Walker warned not to comment on things you haven't actually done last week.

Apparently there are no loggers here.:smile:
 

triley41395

You'll shoot your eye out
Silver Member
I’m just curious how long it takes from the time the wood is cut until it can actually be used in making a cue?

I'm not a cuemaker but I'm guessing there are so many different factors to really say. Air dried vrs. Kiln dried , type of wood, location humidity, cored vrs not, how many passes does a particular cuemaker make before it's to size and how often they make a pass. Straight grain vrs.twisted grain vrs.burl..stabilized vrs.not stabilized. I'm sure there are other factors they take into consideration.
 

Tom1234

AzB Silver Member
Silver Member
I’m just curious how long it takes from the time the wood is cut until it can actually be used in making a cue?

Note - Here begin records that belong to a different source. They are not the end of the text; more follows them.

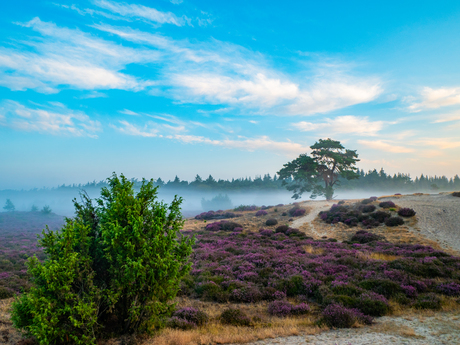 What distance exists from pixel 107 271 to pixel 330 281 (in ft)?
32.1

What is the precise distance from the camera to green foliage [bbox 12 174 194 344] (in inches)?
204

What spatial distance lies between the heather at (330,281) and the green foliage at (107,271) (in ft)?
15.6

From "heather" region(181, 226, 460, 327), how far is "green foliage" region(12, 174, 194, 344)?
4759 mm

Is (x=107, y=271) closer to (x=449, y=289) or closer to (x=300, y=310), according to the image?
(x=300, y=310)

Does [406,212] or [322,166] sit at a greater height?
Result: [322,166]

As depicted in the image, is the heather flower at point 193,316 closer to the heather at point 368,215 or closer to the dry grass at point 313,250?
the dry grass at point 313,250

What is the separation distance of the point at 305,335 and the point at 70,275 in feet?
21.0

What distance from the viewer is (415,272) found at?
11539mm

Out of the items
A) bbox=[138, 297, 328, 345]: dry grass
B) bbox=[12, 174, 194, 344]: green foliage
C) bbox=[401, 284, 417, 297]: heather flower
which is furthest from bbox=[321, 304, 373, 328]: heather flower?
bbox=[12, 174, 194, 344]: green foliage

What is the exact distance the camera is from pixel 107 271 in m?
6.43

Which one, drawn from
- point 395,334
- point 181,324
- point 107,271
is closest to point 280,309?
point 395,334

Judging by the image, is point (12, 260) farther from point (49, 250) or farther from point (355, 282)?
point (355, 282)

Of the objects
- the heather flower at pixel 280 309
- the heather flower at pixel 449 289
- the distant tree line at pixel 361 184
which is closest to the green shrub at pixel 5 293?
the heather flower at pixel 280 309

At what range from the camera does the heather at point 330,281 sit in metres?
8.67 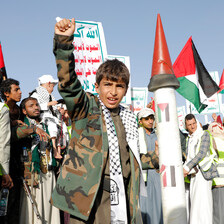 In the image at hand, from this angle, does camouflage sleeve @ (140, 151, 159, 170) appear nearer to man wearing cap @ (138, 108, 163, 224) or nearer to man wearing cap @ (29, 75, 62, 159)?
man wearing cap @ (29, 75, 62, 159)

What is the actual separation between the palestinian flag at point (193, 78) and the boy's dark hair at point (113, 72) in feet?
12.9

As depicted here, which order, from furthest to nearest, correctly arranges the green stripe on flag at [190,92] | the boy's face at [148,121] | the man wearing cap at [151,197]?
the boy's face at [148,121]
the green stripe on flag at [190,92]
the man wearing cap at [151,197]

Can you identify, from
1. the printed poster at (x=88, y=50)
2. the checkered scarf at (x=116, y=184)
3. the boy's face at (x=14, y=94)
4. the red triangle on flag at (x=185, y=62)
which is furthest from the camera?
the red triangle on flag at (x=185, y=62)

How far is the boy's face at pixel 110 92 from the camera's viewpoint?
273 centimetres

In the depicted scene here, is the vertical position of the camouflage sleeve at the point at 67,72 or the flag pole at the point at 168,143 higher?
the camouflage sleeve at the point at 67,72

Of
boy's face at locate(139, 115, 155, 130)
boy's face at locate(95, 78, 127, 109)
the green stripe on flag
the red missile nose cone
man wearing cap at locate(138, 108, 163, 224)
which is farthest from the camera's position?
boy's face at locate(139, 115, 155, 130)

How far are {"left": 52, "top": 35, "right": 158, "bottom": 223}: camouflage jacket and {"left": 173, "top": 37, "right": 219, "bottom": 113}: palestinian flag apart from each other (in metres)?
4.20

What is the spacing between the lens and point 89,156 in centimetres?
247

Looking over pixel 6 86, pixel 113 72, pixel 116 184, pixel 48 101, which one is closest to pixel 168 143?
pixel 116 184

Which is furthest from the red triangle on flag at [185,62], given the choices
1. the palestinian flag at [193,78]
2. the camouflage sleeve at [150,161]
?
the camouflage sleeve at [150,161]

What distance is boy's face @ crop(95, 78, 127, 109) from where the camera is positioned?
2727mm

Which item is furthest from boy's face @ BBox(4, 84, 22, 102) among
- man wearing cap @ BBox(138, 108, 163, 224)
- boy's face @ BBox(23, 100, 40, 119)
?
man wearing cap @ BBox(138, 108, 163, 224)

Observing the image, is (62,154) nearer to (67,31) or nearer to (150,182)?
(150,182)

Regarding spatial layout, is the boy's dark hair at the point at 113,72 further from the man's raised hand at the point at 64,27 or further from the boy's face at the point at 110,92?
the man's raised hand at the point at 64,27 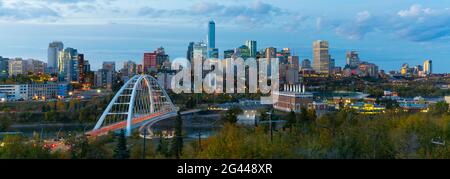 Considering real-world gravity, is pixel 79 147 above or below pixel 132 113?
below

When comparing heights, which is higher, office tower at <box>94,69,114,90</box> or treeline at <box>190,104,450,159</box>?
office tower at <box>94,69,114,90</box>

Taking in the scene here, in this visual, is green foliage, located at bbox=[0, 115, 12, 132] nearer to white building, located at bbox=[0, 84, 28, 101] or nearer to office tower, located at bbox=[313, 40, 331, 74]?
white building, located at bbox=[0, 84, 28, 101]

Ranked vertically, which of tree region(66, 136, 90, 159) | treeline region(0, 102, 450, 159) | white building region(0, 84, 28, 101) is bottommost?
tree region(66, 136, 90, 159)

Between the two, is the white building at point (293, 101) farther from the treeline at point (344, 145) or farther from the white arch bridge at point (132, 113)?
the treeline at point (344, 145)

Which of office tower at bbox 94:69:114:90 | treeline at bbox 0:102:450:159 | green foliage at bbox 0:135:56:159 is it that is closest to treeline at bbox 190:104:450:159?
treeline at bbox 0:102:450:159

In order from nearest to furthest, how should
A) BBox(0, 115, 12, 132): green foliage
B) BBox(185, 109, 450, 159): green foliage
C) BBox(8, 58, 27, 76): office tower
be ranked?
BBox(185, 109, 450, 159): green foliage
BBox(0, 115, 12, 132): green foliage
BBox(8, 58, 27, 76): office tower

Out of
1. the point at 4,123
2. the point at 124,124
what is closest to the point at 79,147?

Not a cue maker, just a cue repair guy. I do woodworking for a hobby. Depending on the species of wood and moisture content, it can take at least a couple of weeks just to make a picture frame for an 8x10 photo. When you cut wood, you should let it rest. There are far more steps in making a cue compared to a picture frame. It wouldn’t surprise me if the cue makers suggested months if not a year to make a custom cue.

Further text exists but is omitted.